### Task prompt
Starting at the line holding "CK Calvin Klein" and finishing at the line holding "Unter der Regentschaft, Titel", transcribe the material exactly, keeping both ends but no pictures.

### Record extracts
──────────────────────────────
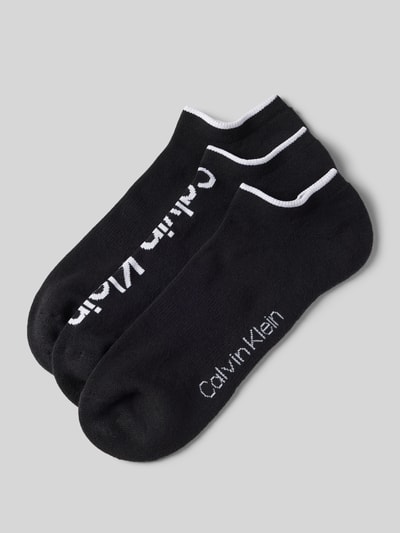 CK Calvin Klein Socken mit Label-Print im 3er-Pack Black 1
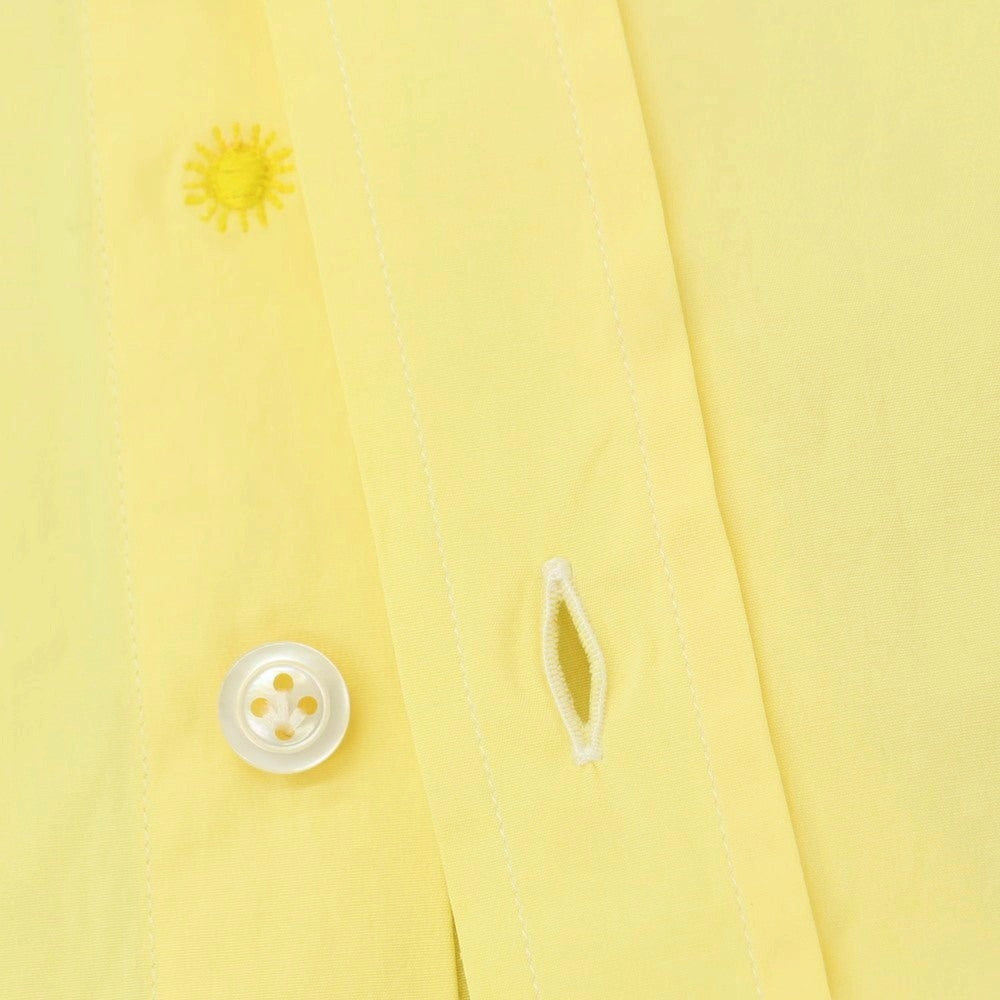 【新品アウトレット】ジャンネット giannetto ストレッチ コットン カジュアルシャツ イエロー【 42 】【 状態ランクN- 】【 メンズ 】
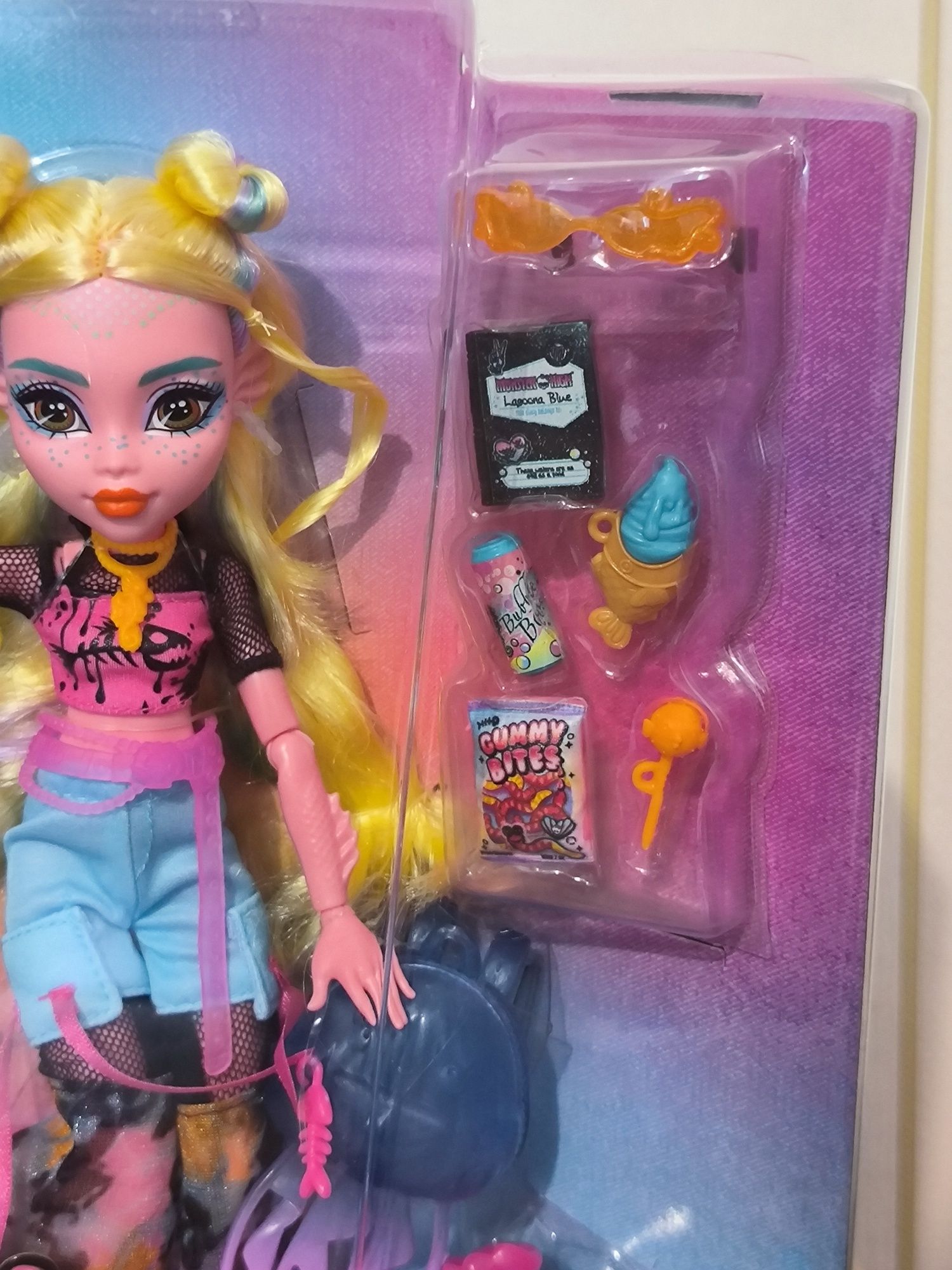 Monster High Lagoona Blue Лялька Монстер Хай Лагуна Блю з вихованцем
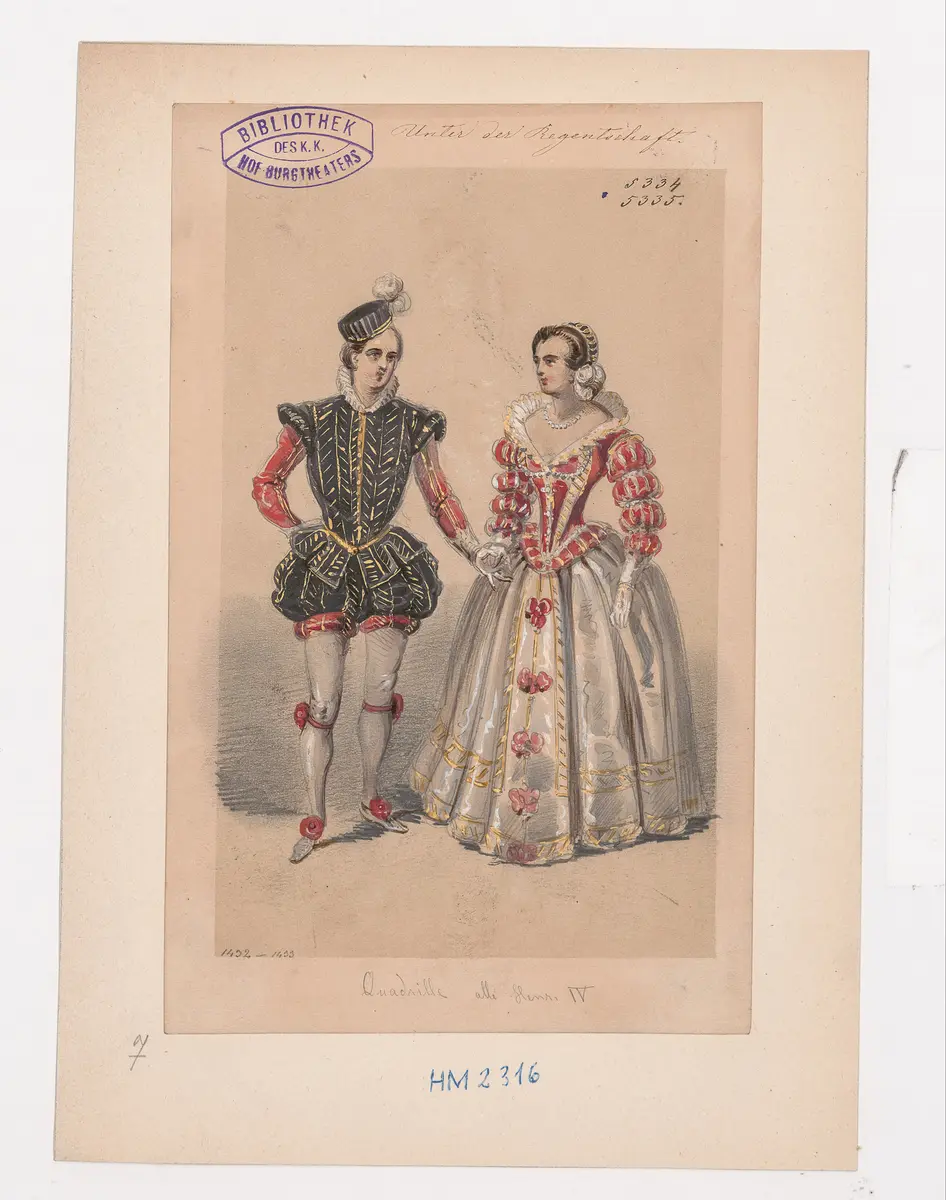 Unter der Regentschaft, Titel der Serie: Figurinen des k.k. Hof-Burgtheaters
──────────────────────────────
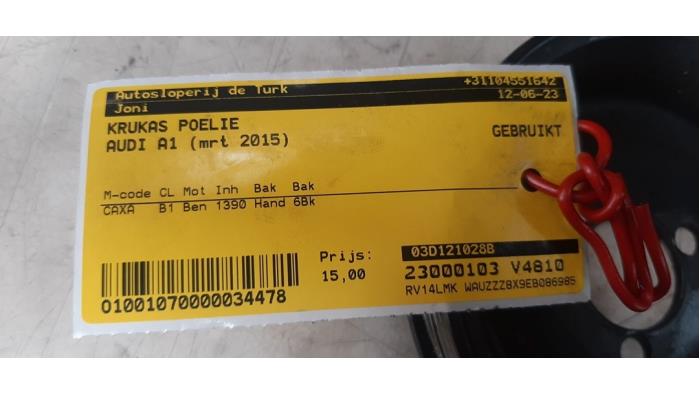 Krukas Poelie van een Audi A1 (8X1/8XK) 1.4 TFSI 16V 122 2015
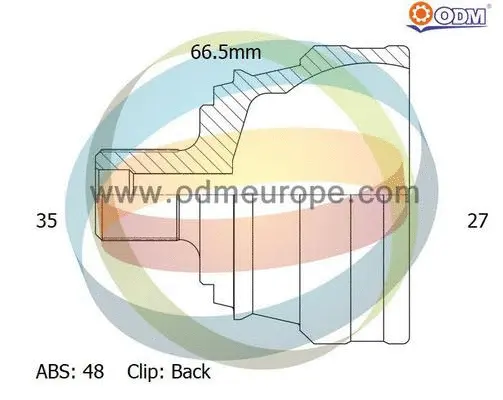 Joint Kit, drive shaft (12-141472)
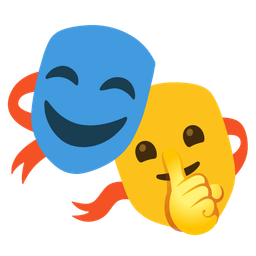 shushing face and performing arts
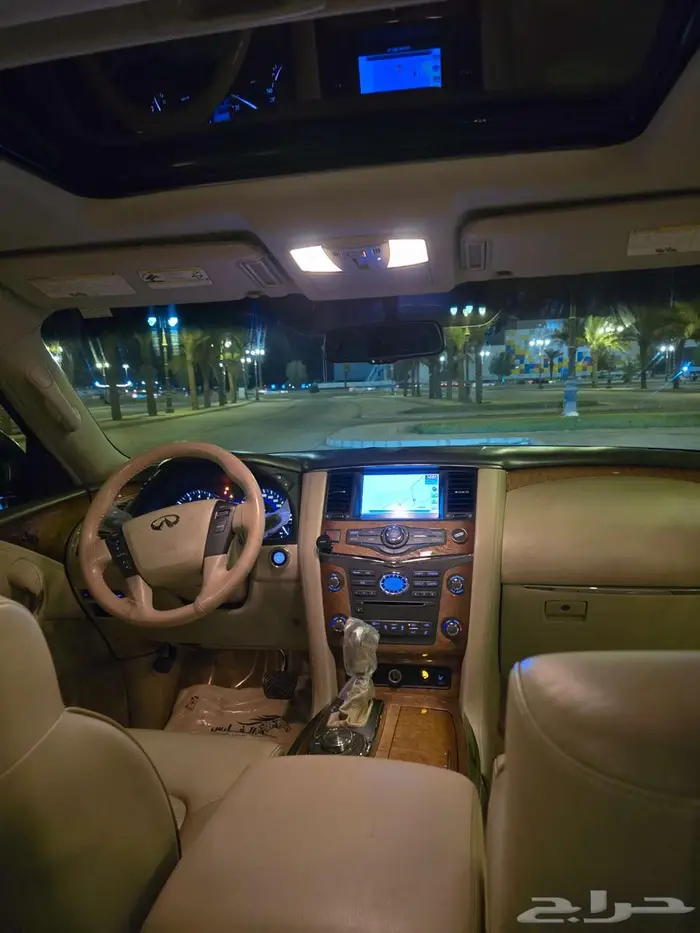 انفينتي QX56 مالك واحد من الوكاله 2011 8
──────────────────────────────
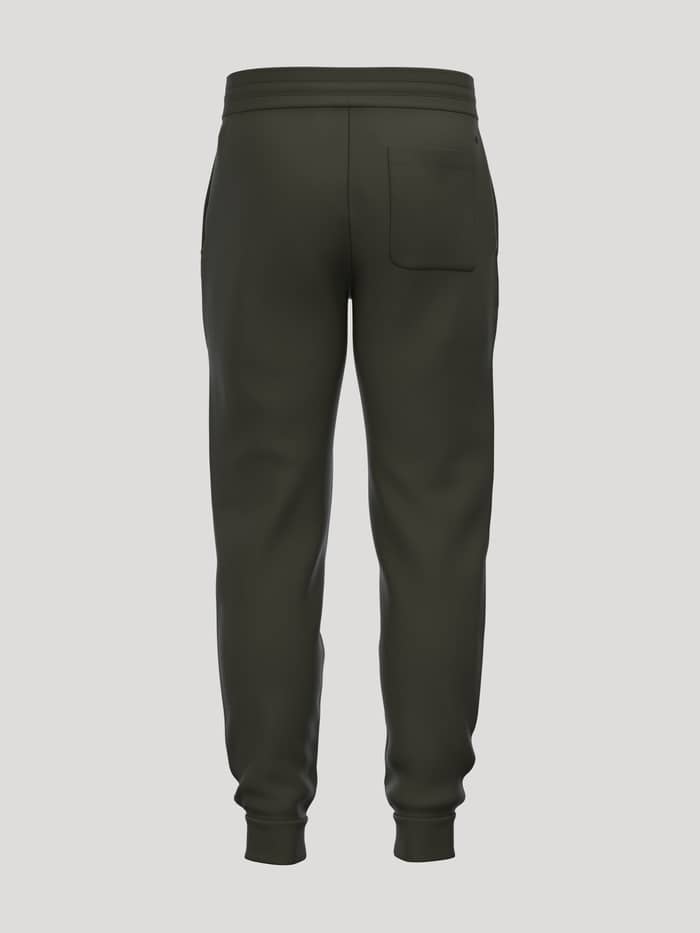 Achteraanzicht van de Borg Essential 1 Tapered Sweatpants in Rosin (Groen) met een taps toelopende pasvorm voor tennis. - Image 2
──────────────────────────────
### Answer
 CK Calvin Klein Socken mit Label-Print im 3er-Pack Black 1
 【新品アウトレット】ジャンネット giannetto ストレッチ コットン カジュアルシャツ イエロー【 42 】【 状態ランクN- 】【 メンズ 】
 Monster High Lagoona Blue Лялька Монстер Хай Лагуна Блю з вихованцем
 Unter der Regentschaft, Titel der Serie: Figurinen des k.k. Hof-Burgtheaters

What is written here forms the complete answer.